Conseguiram subir na árvore e no exato momento viram a luz do quarto dela se acender. As paredes cinzas ficaram à mostra, bem como Amber, visivelmente estressada.

— Amber, você não se esconder no seu quarto para sempre! - Uma mulher de aproximadamente 45 anos entrou em seguida.

— Sim, eu posso! - Amber gritou. - Na verdade, eu poderia me esconder em qualquer lugar que eu quisesse, porque eu sou uma (alguma palavra de Scott e Trevor não conseguiram compreender) condenada e você só me conta isso agora!

— Amber, nós precisávamos manter você em segurança pelo máximo de tempo possível! Mas está ficando mais forte, a sensação de que algo ruim está próximo é visível.

— E como planejavam me manter segura? - A voz dela parecia embargada. - Ma mantendo presa em casarões empoeirados e me privando de qualquer vínculo social?

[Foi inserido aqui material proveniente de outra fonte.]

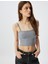 Ince Askılı Crop Atlet Slim Fit 1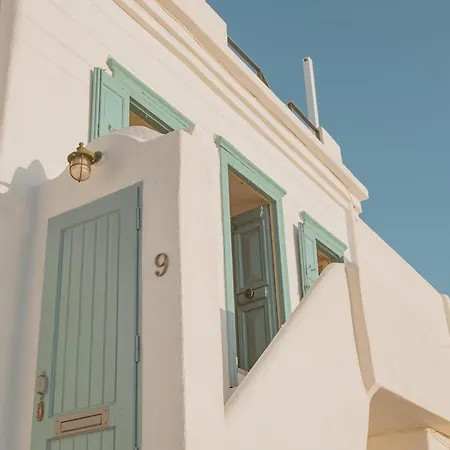 Сasa de vacaciones Cielo Azzurro Mykonos Town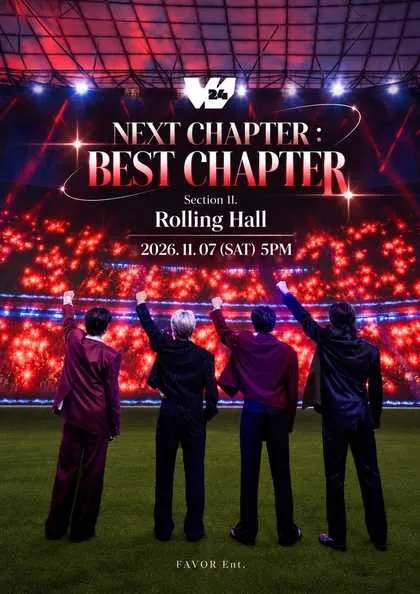 W24 단독 공연: NEXT CHAPTER: BEST CHAPTER / Section 11. 롤링홀 포스터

— Querida, nós só tentamos dar o nosso melhor, prometemos aos seus pais.

— Que diferença faz? Eles morreram mesmo.

— Amber... Querida... Eles não estão mortos.

O que veio em seguida Trevor não conseguiu explicar. Um clarão tomou conta da janela do quarto de Amber e a madrinha da garota gritou.

Os padrinhos correram para fora da casa e Trevor percebeu que Amber não estava mais lá.

— Mas o que está acontecendo aqui? - a voz, em um sussurro assustado, de Amber foi ouvida em um galho. - O que os dois estão fazendo aqui?

— A-ah... Amber - Trevor disse, trêmulo -, n-nós sempre... Nós sempre viemos a essa árvore!

— Isso, isso, é nosso lugar - continuou Scott. - Nós é quem perguntamos o que você faz aqui.

— Não me venha com esse seu ar de superioridade, Thompson - Amber respondeu. - Podem, por favor, sair daqui?

— Por que? - perguntou Trevor. - O que... foi aquilo na sua casa? Aquele clarão?

Amber congelou.

— Vocês viram? - Seu tom era de desespero. - O que vocês viram? Escutaram alguma coisa?

— Não - mentiu Scott. - Nem estávamos prestando atenção.

Amber pareceu aliviada.

— Por favor, só saiam daqui.

Scott revirou os olhos e desceu. Trevor se demorou um pouco mais.

— O que houve, Amber?

— Trevor, apenas saia daqui. Não se preocupe comigo.

E assim, ele desceu e seguiu Scott de volta para a casa dele.

Trevor e o amigo ficaram boa parte da noite acordados, pensando em alguma explicação para aquele clarão e tentando entender o que vinha antes de "condenada". Alguma coisa com "s", mas nenhum dos dois pôde ouvir o suficiente.

Já bem tarde, Trevor foi o primeiro a dormir. Seu sonho foi o mesmo desde terça: a menina da cabelos curtos pedindo por ajuda. Mas dessa vez, ela não estava simplesmente parada pedindo por socorro. Estava presa, amordaçada, o pedido de socorro não vinham de sua boca, mas perfurava a mente de Trevor.

— Trevor! Me ajude! - rugia a voz em sua cabeça. - Trevor, ela quer me pegar, por favor, ajude-me, depressa!

O garoto, suando frio, levantou-se o mais silenciosamente possível, abriu a janela e desceu pela árvore do quintal de Scott, correndo em direção a casa de Amber. Algo o dizia que ela não estava em uma situação muito boa.

Chegando lá, Trevor viu os padrinhos de Amber, muitas pessoas vestidas de verde, preto e cinza. E também viu os pais.